South Africa’s largest coal producer-Exxaro Resources, has started work on one of the last substantial coal deposits remaining in the 100-year-old Mpumalanga coalfields.
The coal company has announced the establishment of its R3.3 Billion Belfast Implementation Project (BIP) in Mpumalanga during a sod-turning event.
The Belfast mine will be able to produce 2.7 MnT of good-quality thermal coal per annum for at least the next 17 years, starting in 2020, in the first phase of development. The company also foresees a potential for second-phase, depending on market conditions, which could take the life of mine to 30 years.

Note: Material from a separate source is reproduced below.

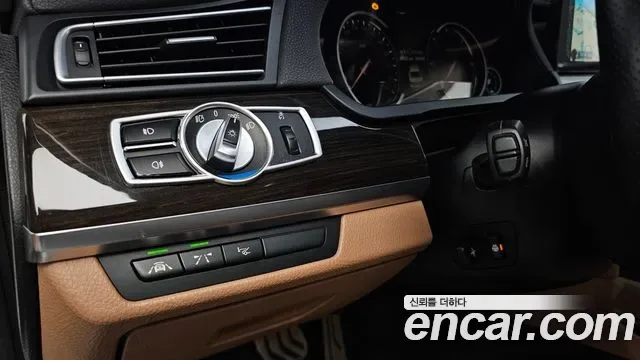 BMW 7-Series F01, 2013 — фото 19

Apart from generating 6000 direct and indirect jobs during its construction and life, the coal mine is also the first of its kind in South Africa to have ‘digital twin’.
The ‘digital twin’ is a complete digital replica of the mine which will allow management and the contracted company to connect to and manage it from anywhere and the maintenance teams will be connected to certain machinery to analyse and pick up problems early – resulting in increased safety and reduced downtime.

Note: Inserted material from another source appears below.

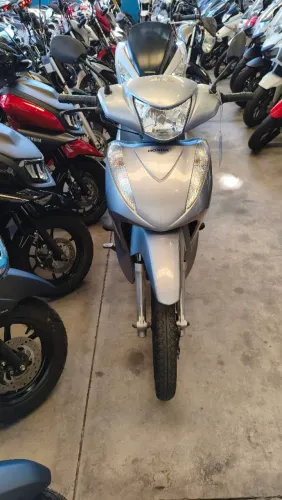 HONDA BIZ 125 CINZA 2015 Shalon veículos Cariacica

While most of Belfast’s coal will be destined for export markets, for which Exxaro has sufficient allocation at Richards Bay Coal Terminal (RBCT), about 500,000 MT could also be sold in the local market.
Commenting on the prospect of possible destination of the coal, an official from Exxaro has said the coal could be sold to Eskom, if Eskom were to put out a tender for it. The closest power station is Arnot, to which the coal could be trucked. But it depends on Eskom’s requirements. If the coal is not sold locally, it would be exported as well, he added.

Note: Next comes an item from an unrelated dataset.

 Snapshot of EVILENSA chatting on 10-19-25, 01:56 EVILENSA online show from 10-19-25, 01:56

Belfast will produce a higher quality, clean-burning thermal coal for which there is quite a lot of demand as it has relatively low Sox and Nox emissions.
South African coal prices have witness upsurge on account of the prevailing supply tightness this year. Exxaro has said in its ‘pre-close’ message for the half year period, that API-4 index for coal which is currently hovering around USD 100 mark, is expected to remain at this level for the current year.
South African Coal Offers:
South African coal index API-4 increased by USD 3-4/MT from the previous week, was assessed at USD 107.9 as on 12 Jul’18. Market participants have cited the export tender from Tai power behind the reason for the rise in coal index.
Discount for 5500 NAR coal has been raised from USD 8-8.5/MT to USD 9.5-10/MT, while discount for 4800 NAR coal was USD 18/MT.
Prevailing offer for 5500 NAR coal was assessed at USD 90-91/MT, FoB Richards Bay, while 4800 NAR coal was offered at USD 71-72/MT, FoB Richards Bay.